§ **THE TASK**
Lines where the string "Residential" appears are to be copied from the entries below.

*** Begin section ***

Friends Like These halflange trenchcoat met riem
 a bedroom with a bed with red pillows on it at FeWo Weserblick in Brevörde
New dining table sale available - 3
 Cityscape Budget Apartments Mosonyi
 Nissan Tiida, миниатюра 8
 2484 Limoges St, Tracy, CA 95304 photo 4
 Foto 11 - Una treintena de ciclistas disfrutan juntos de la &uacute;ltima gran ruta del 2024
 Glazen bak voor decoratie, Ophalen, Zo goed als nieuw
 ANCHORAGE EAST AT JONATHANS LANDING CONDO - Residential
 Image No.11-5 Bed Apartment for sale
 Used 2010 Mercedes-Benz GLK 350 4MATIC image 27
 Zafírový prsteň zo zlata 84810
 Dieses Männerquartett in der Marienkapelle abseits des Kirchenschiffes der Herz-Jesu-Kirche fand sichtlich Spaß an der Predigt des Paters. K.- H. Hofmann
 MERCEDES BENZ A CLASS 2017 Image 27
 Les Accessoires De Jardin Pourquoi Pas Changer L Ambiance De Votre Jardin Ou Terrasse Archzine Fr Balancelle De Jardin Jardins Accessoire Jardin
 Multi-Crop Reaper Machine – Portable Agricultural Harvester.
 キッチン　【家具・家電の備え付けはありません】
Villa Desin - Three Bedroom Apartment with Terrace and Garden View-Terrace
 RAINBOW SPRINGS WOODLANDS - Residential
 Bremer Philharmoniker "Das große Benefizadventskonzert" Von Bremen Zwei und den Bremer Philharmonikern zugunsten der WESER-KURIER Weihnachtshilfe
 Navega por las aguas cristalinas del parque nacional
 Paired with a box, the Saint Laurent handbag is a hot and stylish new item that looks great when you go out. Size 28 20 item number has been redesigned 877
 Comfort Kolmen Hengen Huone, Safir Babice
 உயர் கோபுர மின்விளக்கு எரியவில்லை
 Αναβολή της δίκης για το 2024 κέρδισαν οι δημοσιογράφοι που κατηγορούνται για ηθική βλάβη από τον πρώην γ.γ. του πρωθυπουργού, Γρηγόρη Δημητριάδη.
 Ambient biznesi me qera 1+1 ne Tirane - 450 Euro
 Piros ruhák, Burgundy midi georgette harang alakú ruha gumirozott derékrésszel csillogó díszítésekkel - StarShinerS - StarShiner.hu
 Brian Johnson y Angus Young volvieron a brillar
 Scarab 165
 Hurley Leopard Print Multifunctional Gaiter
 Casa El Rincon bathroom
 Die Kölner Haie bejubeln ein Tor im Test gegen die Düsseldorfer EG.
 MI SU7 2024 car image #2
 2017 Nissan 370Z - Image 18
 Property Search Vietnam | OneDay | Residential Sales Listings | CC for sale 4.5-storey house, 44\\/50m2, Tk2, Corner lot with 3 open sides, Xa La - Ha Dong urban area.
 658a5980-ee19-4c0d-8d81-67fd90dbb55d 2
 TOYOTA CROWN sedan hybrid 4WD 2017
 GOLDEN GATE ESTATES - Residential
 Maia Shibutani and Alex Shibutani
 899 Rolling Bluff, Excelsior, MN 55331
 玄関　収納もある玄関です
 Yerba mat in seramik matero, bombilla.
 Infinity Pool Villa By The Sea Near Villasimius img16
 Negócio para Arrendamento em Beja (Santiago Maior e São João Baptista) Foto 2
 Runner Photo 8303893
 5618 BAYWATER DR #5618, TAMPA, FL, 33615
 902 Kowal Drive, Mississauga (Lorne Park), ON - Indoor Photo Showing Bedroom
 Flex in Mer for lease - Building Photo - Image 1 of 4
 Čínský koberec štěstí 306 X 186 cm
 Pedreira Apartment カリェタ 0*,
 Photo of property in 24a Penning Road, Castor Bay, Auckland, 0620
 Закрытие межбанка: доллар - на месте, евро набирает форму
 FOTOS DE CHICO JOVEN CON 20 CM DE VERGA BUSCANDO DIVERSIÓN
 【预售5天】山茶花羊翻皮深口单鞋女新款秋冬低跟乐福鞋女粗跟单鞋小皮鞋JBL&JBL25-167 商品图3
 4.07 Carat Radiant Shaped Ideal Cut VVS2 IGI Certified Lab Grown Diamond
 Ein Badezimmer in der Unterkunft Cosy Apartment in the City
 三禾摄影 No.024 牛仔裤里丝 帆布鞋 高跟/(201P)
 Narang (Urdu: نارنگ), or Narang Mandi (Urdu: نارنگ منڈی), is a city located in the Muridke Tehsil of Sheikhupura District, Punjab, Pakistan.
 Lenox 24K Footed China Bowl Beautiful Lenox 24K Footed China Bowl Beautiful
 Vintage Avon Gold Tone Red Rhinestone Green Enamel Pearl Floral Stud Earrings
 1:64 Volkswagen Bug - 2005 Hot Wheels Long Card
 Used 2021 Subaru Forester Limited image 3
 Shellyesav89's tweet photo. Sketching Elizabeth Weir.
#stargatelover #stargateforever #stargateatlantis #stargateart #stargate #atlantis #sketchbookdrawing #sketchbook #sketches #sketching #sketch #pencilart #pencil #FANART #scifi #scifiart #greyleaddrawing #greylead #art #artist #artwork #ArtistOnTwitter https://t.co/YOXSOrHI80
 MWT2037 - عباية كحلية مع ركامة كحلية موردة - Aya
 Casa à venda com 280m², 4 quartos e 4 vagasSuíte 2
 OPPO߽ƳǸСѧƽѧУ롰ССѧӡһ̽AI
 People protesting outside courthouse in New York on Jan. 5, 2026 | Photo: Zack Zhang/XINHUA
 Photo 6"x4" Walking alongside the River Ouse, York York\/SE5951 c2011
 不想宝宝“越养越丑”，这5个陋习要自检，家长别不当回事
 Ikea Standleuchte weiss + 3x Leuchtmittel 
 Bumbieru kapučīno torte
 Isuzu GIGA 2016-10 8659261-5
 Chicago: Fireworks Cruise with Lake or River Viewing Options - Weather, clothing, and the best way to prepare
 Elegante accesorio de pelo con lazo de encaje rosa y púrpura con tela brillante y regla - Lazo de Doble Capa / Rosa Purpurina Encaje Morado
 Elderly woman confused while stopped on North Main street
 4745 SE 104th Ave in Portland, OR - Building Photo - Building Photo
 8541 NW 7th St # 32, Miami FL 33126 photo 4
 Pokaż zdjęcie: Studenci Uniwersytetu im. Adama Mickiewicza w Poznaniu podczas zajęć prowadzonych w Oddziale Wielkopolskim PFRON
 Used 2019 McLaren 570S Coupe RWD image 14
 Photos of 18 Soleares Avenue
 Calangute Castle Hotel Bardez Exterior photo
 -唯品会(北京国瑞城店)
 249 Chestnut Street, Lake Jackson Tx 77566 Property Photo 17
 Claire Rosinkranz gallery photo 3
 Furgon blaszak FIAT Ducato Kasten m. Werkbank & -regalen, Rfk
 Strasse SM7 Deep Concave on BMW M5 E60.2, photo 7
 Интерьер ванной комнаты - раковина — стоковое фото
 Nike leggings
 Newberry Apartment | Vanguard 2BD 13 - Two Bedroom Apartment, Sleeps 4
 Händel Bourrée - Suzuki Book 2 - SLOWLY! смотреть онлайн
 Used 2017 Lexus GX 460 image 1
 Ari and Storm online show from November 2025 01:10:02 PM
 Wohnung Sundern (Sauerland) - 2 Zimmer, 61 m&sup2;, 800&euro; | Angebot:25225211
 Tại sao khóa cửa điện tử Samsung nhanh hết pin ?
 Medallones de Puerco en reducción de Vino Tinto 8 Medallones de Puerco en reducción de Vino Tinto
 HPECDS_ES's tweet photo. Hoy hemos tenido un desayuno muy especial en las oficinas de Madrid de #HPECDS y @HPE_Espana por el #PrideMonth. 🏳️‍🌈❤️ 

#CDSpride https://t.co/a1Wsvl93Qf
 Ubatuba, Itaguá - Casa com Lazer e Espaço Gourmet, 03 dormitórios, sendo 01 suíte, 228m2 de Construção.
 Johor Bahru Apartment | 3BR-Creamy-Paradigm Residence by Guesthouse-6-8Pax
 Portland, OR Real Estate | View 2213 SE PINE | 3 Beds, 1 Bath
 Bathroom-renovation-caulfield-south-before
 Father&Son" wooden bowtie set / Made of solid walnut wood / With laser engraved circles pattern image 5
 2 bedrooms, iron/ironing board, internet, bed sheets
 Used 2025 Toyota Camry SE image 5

*** End section ***

§ **WORKED SOLUTION**
 ANCHORAGE EAST AT JONATHANS LANDING CONDO - Residential
 RAINBOW SPRINGS WOODLANDS - Residential
 Property Search Vietnam | OneDay | Residential Sales Listings | CC for sale 4.5-storey house, 44\\/50m2, Tk2, Corner lot with 3 open sides, Xa La - Ha Dong urban area.
 GOLDEN GATE ESTATES - Residential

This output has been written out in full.